Question

1. the family designed their vegetable garden to have a perimeter of 32 feet with the length measuring two feet more than twice the width.

a. using ( l ) to represent the length of the garden and ( w ) to represent its width, write and solve a system of equations that describes this situation.
b. what are the dimensions of the garden?

Explanation:

Step1: Set up perimeter equation

The perimeter of a rectangle is $2(l + w) = 32$, which simplifies to $l + w = 16$.

Step2: Set up length-width relation

Length is 2 more than twice width: $l = 2w + 2$.

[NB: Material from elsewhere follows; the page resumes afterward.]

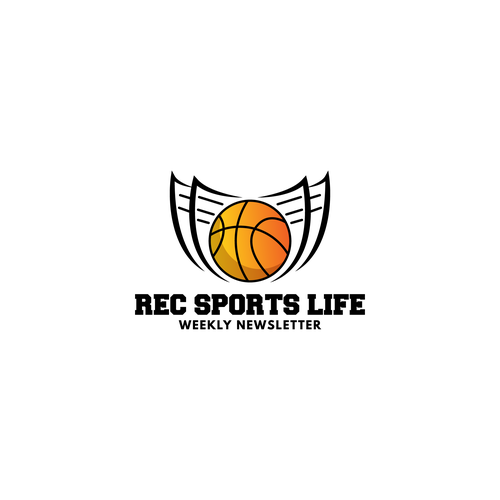 Logo for Newsletter about Recreational Sports Business Design by dellaq449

Step3: Substitute $l$ into perimeter equation

Substitute $l = 2w + 2$ into $l + w = 16$:
$(2w + 2) + w = 16$

Step4: Solve for $w$

Combine like terms: $3w + 2 = 16$
Subtract 2: $3w = 14$
Calculate width: $w = \frac{14}{3} \approx 4.67$

Step5: Solve for $l$

Substitute $w = \frac{14}{3}$ into $l = 2w + 2$:
$l = 2\times\frac{14}{3} + 2 = \frac{28}{3} + \frac{6}{3} = \frac{34}{3} \approx 11.33$

Answer:

a. The system of equations is:

$$\begin{cases} 2(l + w) = 32 \\ l = 2w + 2 \end{cases}$$

b. The width of the garden is $\frac{14}{3}$ feet (or approximately 4.67 feet) and the length is $\frac{34}{3}$ feet (or approximately 11.33 feet).